Ik heb sinds 1 week mijn firewall vervangen voor een andere machine... Wederom uigerust met gentoo...

Maar nu mis ik checkproc en ik kan niet vinden in welk package dit behoort te zitten...

Ik heb al eix en google gebruikt,  maar dat levert niets op.... Ik dacht dat het in psmic zat, maar die is al geinstalleerd...

Iemand?

----------

## hvwees

 :Embarassed: 

Gevonden...  :Smile: 

In killproc..... 

Zal je net zien he.... schrijf je een bericht vindt je het opeens...

----------

## belrpr

enige gids dat je kan voorstellen voor het maken van een firewall doormiddel van gentoo?

----------

## hvwees

 *belrpr wrote:*   

> enige gids dat je kan voorstellen voor het maken van een firewall doormiddel van gentoo?

 

Er staat een ? aan het einde van deze zin... Dus het is een vraag...

Maar ik snap je vraag eerlijk gezegd niet..

Kan je hem misschien herformuleren?

----------

## koenderoo

Volgens mij probeert hij in gebrekkig Nederlands te vragen naar een howto voor het opzetten van een firewall onder Gentoo.

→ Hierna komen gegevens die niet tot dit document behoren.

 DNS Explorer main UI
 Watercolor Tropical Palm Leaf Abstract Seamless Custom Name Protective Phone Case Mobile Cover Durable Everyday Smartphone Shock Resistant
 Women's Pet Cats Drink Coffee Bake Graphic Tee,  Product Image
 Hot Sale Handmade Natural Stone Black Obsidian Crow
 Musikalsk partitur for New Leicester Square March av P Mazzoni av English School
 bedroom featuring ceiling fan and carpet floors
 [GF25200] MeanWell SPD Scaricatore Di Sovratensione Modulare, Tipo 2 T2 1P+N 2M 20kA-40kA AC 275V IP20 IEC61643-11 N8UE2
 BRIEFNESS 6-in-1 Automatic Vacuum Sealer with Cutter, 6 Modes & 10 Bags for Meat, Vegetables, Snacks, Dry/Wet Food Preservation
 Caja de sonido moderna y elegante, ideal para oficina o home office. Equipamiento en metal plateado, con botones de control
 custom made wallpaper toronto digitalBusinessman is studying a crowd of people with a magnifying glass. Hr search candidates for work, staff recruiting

Volgens mij is dit wel een hele goede (wel in het engels):

howto

----------

## hvwees

 *koenderoo wrote:*   

> Volgens mij probeert hij in gebrekkig Nederlands te vragen naar een howto voor het opzetten van een firewall onder Gentoo.
> 
> Volgens mij is dit wel een hele goede (wel in het engels):
> 
> howto

 

Als ik op die link klik kom ik op een pagina waar dit staat:

 *Quote:*   

> There is currently no text in this page, you can search for this page title in other pages or edit this page.

 

Maar als zijn vraag dat werkelijk is, het opzetten van een FW met Gentoo....

Ik heb SuSEfirewall aangepast om te werken op Gentoo en daar wat modificatie's in gemaakt zodat hij doet wat ik wil...

Volgend projectje is gentoo firewall maken zodat ie op soekris HW draait..

----------

## koenderoo

Mijn linkje had een / teveel, excuus.

dit is de goede link: http://gentoo-wiki.com/HOWTO_setup_a_home-server

----------

## andrewf

ik heb shorewall gebruikt, gewoon shorewall emergen en 1 van hun tutorials volgen op http://www.shorewall.net/shorewall_quickstart_guide.htm (ik heb de 2-interface tutorial gebruikt)

Kvind shorewall wel in orde.

Alleen moet ik nu 'upgraden' van 2.x naar 3.x serie, heeft iemand dit al achter de rug? ik zie er een beetje tegenop..

----------